Book review by Anthony Campbell. The review is licensed under a Creative Commons License.

I suppose I should start with an admission: the position that Burton takes in this book is close to one I've held myself for some time so I am naturally well disposed towards his central idea. To put this in the briefest possible form, it is that feelings of certainty can come to be attached to beliefs that are manifestly false. Burton describes the resulting psychological state as the feeling of knowing.

If this sounds odd, recall that there are other examples of situations where one is sure that something is the case although it isn't. One which many people have experienced is déjà vu, in which they have the strong feeling that they have been in a place before although they haven't. This leads some to believe in reincarnation, but it almost certainly arises because the 'familiarity' function in the brain is being triggered inappropriately. Such experiences are within the normal range, but there are also abnormal states, such as those due to temporal lobe epilepsy, in which sufferers feel a sense of overwhelming fear although they cannot say what it is they are afraid of. The writer George Borrow was prey to this and describes it vividly in his book The Romany Rye.

Burton's suggestion is that the feeling of knowing is similar to these unusual experiences and 'most likely originates within a localized area of the brain, can be spontaneously activated via direct stimulation or chemical manipulation, yet cannot be triggered by conscious effort'. We cannot will belief; it is something that happens to us. Burton refers to this hypothetical brain area as a module. It is one among many; Burton sees the brain as composed of numerous interlocking modules, which work together in a hierarchical manner—to give the experience of vision, for example.

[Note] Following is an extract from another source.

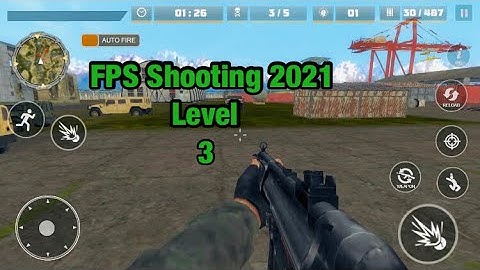 FPS Shooting 2021 | Army Force Combat Level 3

Why has this module arisen during evolution? To account for this, Burton invokes the idea of reward centres in the brain, which are believed to be involved in addictions. Abstract thought is difficult, so the 'feeling of knowing' module evolved because it provided a sense of reward for successfully completing a train of thought. Certainty feels good and this motivates us to pursue abstract thinking, which might otherwise be an unappealing task. 'We know the quality of our thoughts via feelings, not reason. Feelings such as certainty, conviction, rightness and wrongness, clarity, and faith arise out of involuntary mental sensory systems that are integral and inseparable components of the thoughts that they qualify.'

The problem we have, however, is that this feeling of certainty can arise even when the conclusion that has been reached is faulty. And the resulting conviction is extremely strong. When someone is overwhelmed by the feeling of certainty it is all but impossible to shake their belief by argument. Burton illustrates this with numerous examples, such as doctors who ignore evidence that their treatments are ineffective because they 'know', from their own experience, that they are right. We should resist this. Even sceptics can fall into the trap if they feel certain about their own scepticism. All 'truths' are provisional. Burton hopes, perhaps rather optimistically, that both science and religion can come to recognize this.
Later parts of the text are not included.